Under the circumstances, the development of a reflective liquid crystal display device of guest-host mode (GH-LCD) in which the backlight is not necessary has been extensively studied. The GH-LCD employs a liquid crystal containing a dichroic dye and is advantageous in that it enables to obtain a bright color display and is relatively wide in angle of visibility.
As for the driving system of LCD, driving by a thin film transistor (TFT) is now getting more popular because of the advantages that it is thin and light and enables to obtain a clear image. In the TFT driving system, a fluorinated liquid crystal can be employed more advantageously because it is highly hydrophobic.

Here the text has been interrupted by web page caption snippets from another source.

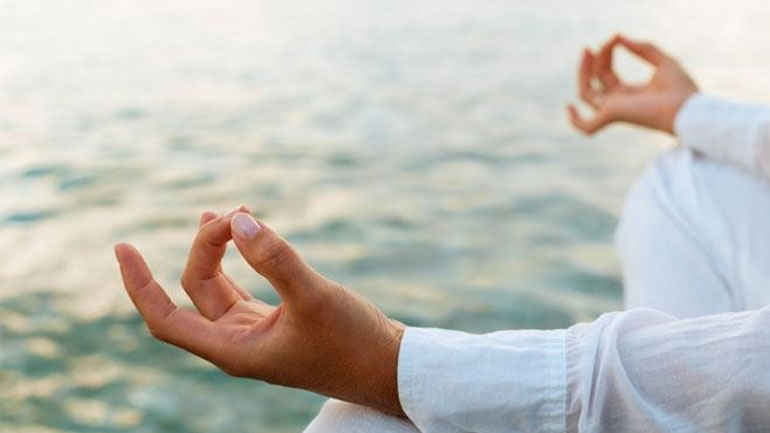 Το μυστικό για να μείνετε ψύχραιμοι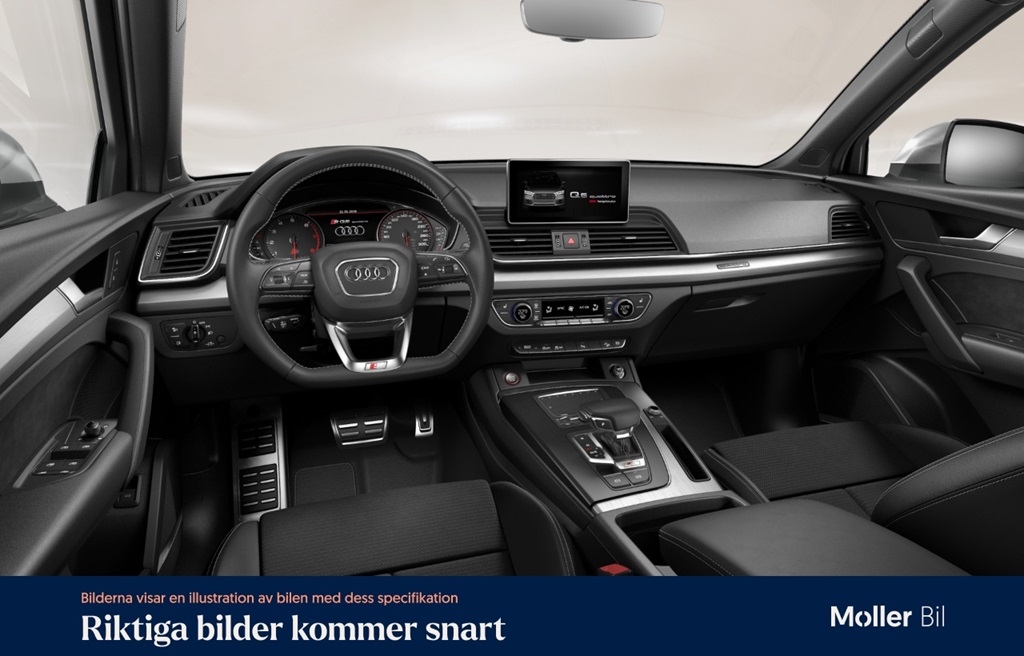 Audi SQ5 MCS881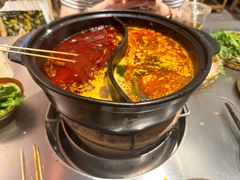 -郭铁柱·泥炉老火锅(江北龙湖天街店)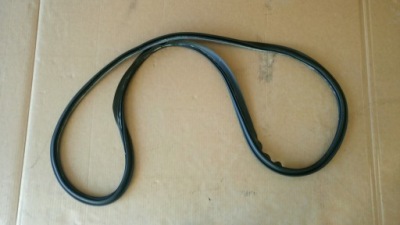 Прокладка кришки audi a5 a4 8w5825705 фото №1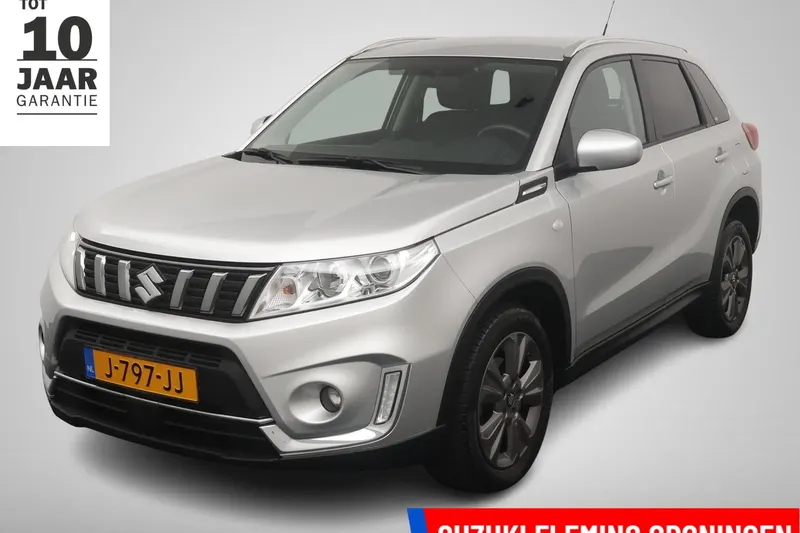 Suzuki Vitara (2020)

In order to realize a bright and clear color display in the GH-LCD, the liquid crystal is required to contain a large quantity of dichroic dye so as to represent high absorbance. Accordingly, the dichroic dye is required to have high solubility and dissolution stability in relative to the liquid crystal (in particular, to a fluorinated liquid crystal). Note that, if the cell gap is enlarged so as to compensate a low absorbance, the power consumption would be increased and the response of the liquid crystal to the electric field would be also deteriorated.
Further, in order to realize a GH-LCD driven by TFT, it is very important that the liquid crystal has a high voltage holding capacity. In order to ensure this property, the resistance of the liquid crystal layer is required to be sufficiently high. However, there is a problem in this case that the resistance as well as the voltage holding capacity of the liquid crystal layer may be extremely deteriorated due to a photo-degradation of the dichroic dye mixed in the liquid crystal. Therefore, the dichroic dye is desired to be excellent in resistance to photo-degradation.
At present, an azo dye or an anthraquinone dye has been mainly employed as a dichroic dye. The azo dye is excellent in linearity of molecule, and thus most azo dyes are excellent in solubility to a liquid crystal having a linear structure. However, the azo dye is defective in that it is poor in resistance to light. On the other hand, the anthraquinone dye is excellent in resistivity to light as compared with the azo dye and hence deemed to be more suited for use in the TFT driving system. However, the conventional anthraquinone dyes are poor in solubility to the liquid crystal.
Meanwhile, there is also known a coumarin dye as a dichroic dye having a high absorption coefficient. However, the conventional coumarin dyes are hardly soluble to the liquid crystal at low temperatures. Therefore, when the LCD is exposed to a low temperature, the coumarin dye is caused to precipitate. Once the coumarin dye is precipitated, it is very difficult to redissolve the coumarin dye into the liquid crystal.
Under the circumstances as mentioned above, many attempts have been made to improve the solubility of anthraquinone dyes and coumarin dyes. However, none of them have been successful to sufficiently improve the solubility of these dyes.